**About this exercise**
Return the listing verbatim, images left out.
--- START ---
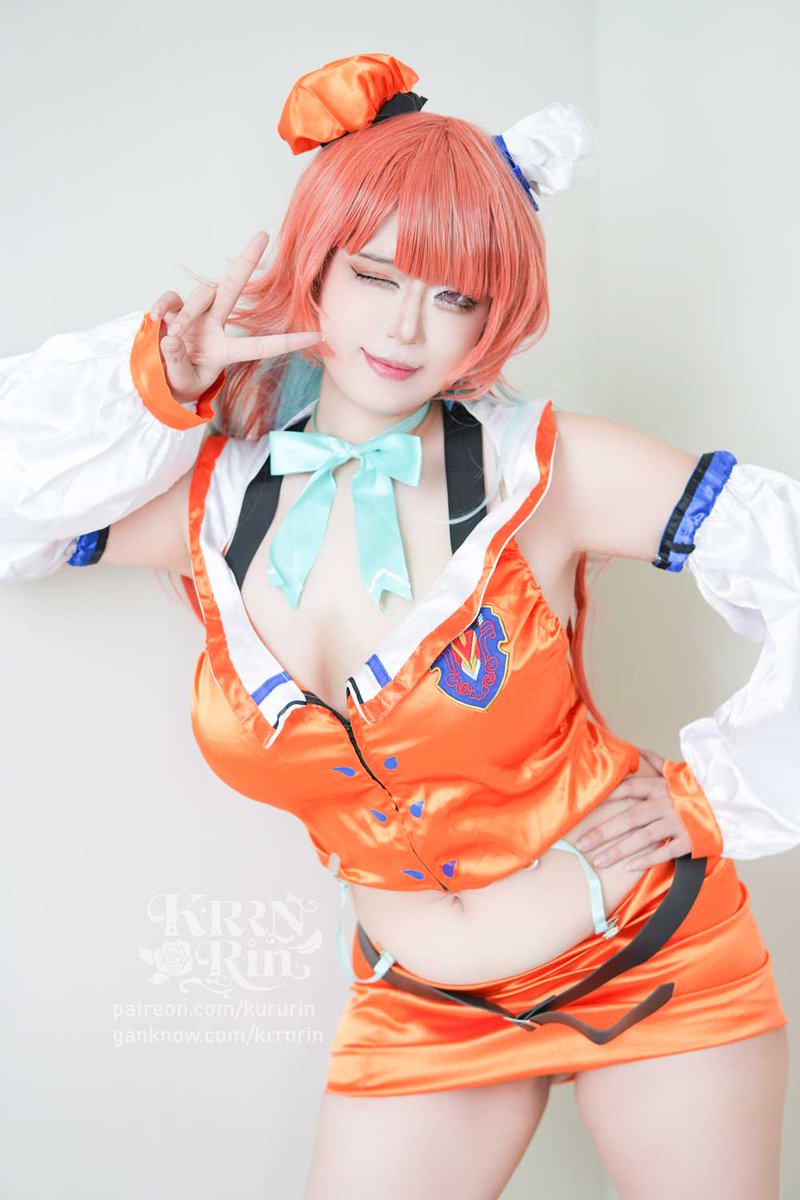 I love u KFP #KFPicasso 🫶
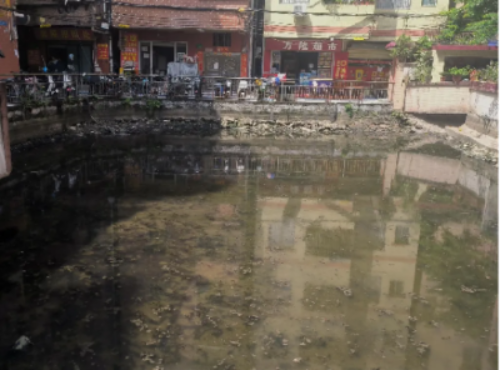图片2.bmp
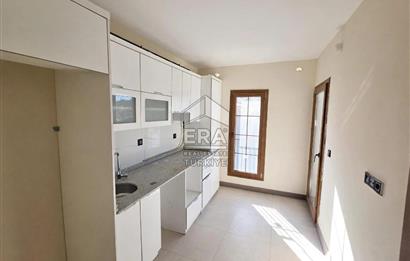 ERA PORT'TAN KUVAYİ MİLLİYE TOKİ'DE 3+1 KİRALIK DAİRE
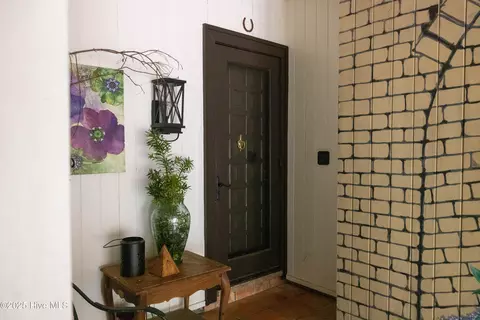 Entry Way - 903 Robert St, Windsor, NC 27983 photo 8 of 8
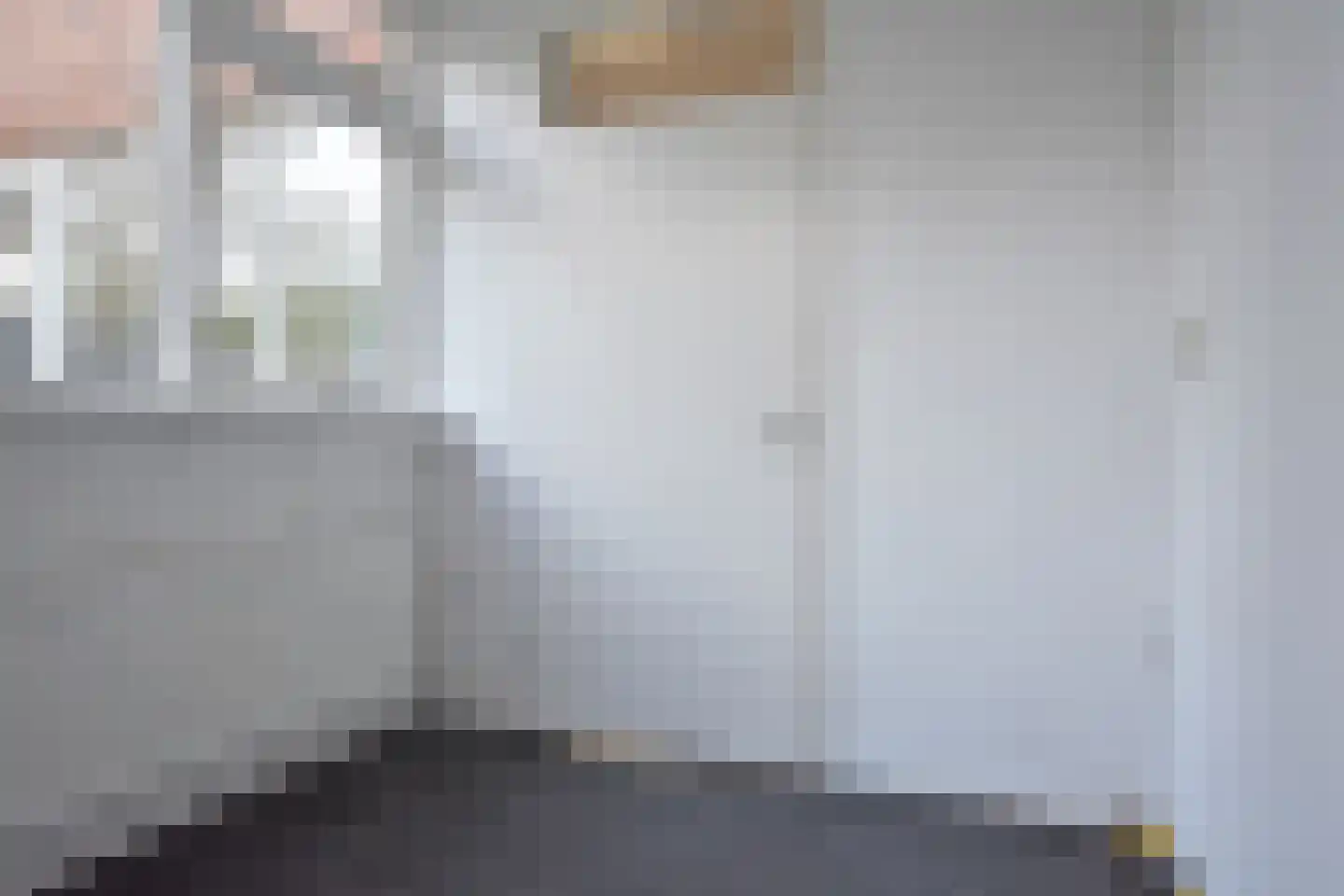Vossenburcht 6 Hurdegaryp thumbnail 32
--- END ---
**Task response**
 I love u KFP #KFPicasso 🫶
图片2.bmp
 ERA PORT'TAN KUVAYİ MİLLİYE TOKİ'DE 3+1 KİRALIK DAİRE
 Entry Way - 903 Robert St, Windsor, NC 27983 photo 8 of 8
Vossenburcht 6 Hurdegaryp thumbnail 32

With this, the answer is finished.